DS: Disjoint Sets

Jump to bottom

Rishav Ray edited this page May 10, 2025 · 1 revision

A group of sets are disjoint if they have no elements in common. The disjoint-set data-structure is used to store such sets. The member-sets are typically represented with trees, and the collection of all the sets are typically represented with arrays of a predefined size, or even dictionaries in some cases.
In this data-structure, each member-set has a root element. Additionally, there are two operations that this data-structure supports: find & union.
The find operation gets the root-element of a member-set of an element. The union operation merges the member-sets of two elements based on a variety of factors- their respective root-elements, ranks, & sizes.

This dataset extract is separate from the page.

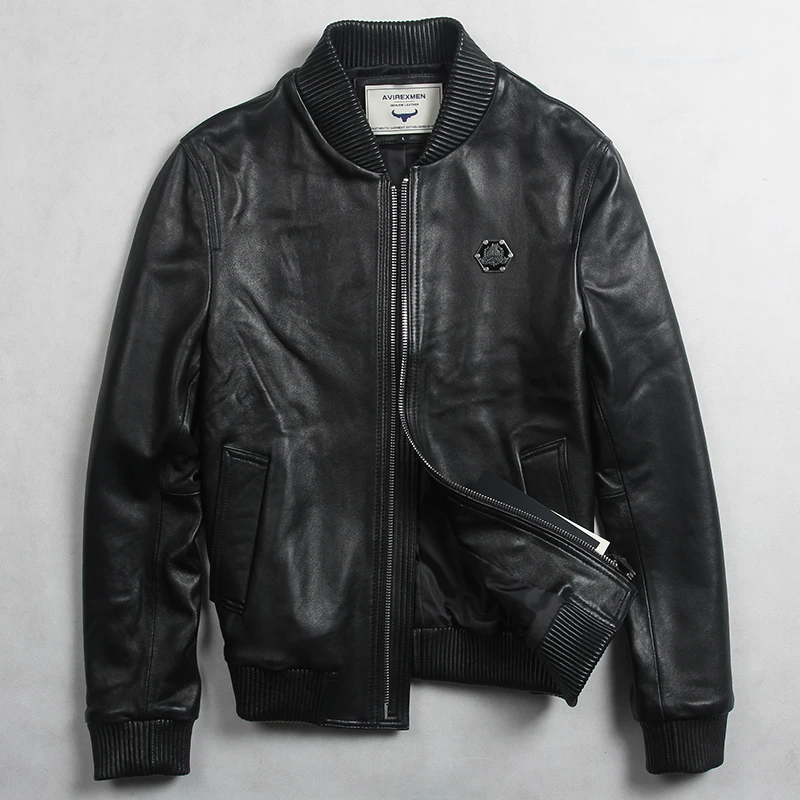 Модная мужская бейсбольная повседневная кожаная куртка Avirexmen из натуральной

When representing a set with a tree, the root element is the root of the tree. The size of the set corresponds to the number of elements in the tree, and the rank of the set is defined as the height of the tree (i.e., the number of levels it has). Since the set is structured as a tree, a hierarchical relationship is present—every element except the root has a parent, and many elements may have one or more children.

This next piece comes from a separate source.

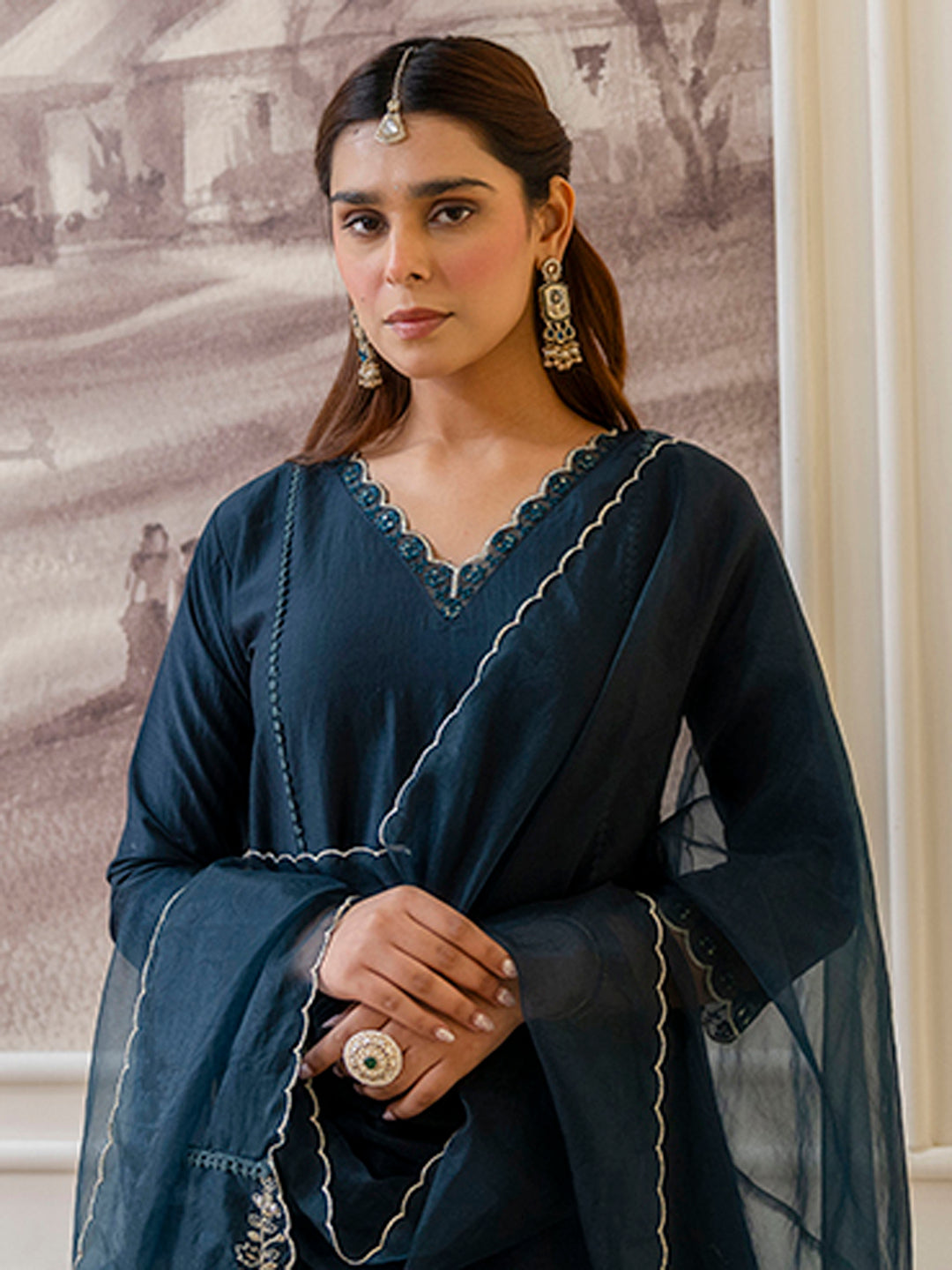 Dhiyona VV Sukoon Teal Embroidred Kurta Sets with Sequins Work Women Suits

When using a tree to represent a set, arrays can efficiently capture three important pieces of information about the group of disjoint sets: the parent of each element, the rank of each set (assuming the element is the root), and the size of each set (again, assuming the element is the root). Dictionaries work well where keys are elements(that may or may not necessarily translate well to indices of an array) and values are their respective parents/ranks/sizes.
There are two types of disjoint-set unions: union by rank and union by size. In union by rank, the root of the set with the lower rank becomes a child of the root of the set with the higher rank. If the two sets have different ranks, the rank of the resulting tree remains unchanged. However, if the sets have the same rank, it doesn't matter which root becomes the parent. In this case, the rank of the new root increases by 1 (i.e., new rank = original rank + 1). This behavior is intuitive when visualized as a tree structure.
In union by size, the root of the smaller set (i.e., the one with fewer elements) becomes a child of the root of the larger set. The size of the new set becomes the sum of the sizes of the two original sets. This makes logical sense, given that the sets are disjoint and their union simply combines all elements from both.
This data structure can be used to detect cycles in an undirected graph. For example, given all the nodes and edges of an undirected graph, you can process each edge one by one. For an edge connecting nodes 0 and 1, you perform a union operation between the set containing 0 and the set containing 1. If you encounter an edge where both nodes are already in the same set (i.e., have the same root), a cycle exists in the graph.